WHAT NEEDS TO BE DONE: What is needed is an exact repeat of the lines from the one holding "Longarm quilting machine quilting." through the final line of the data, with no pictures.

COLLECTED MATERIAL:
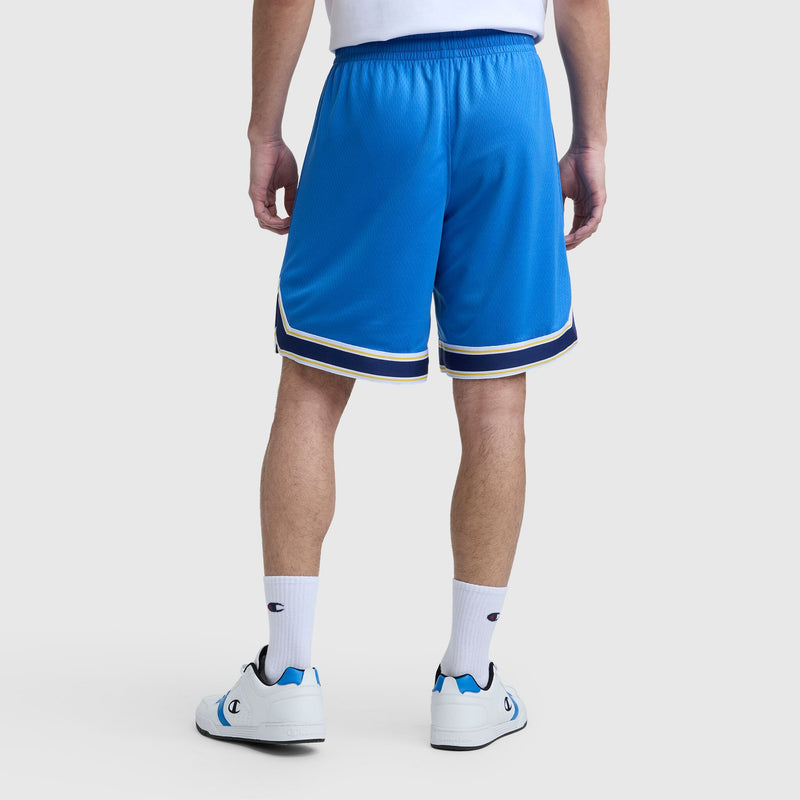 A person is shown from the back standing on a white background, wearing Champion's 10" Gridiron Reversible Short with Script Logo in bright blue with navy and white trim, paired with a white shirt, socks, and sneakers.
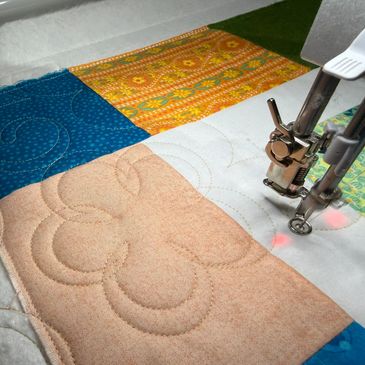 Longarm quilting machine quilting.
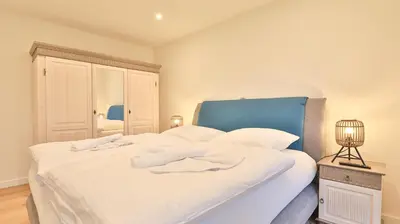 Ein Bett oder Betten in einem Zimmer der Unterkunft Strandhaus Zingst Apartment 12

RESPONSE BOX:
 Longarm quilting machine quilting.
 Ein Bett oder Betten in einem Zimmer der Unterkunft Strandhaus Zingst Apartment 12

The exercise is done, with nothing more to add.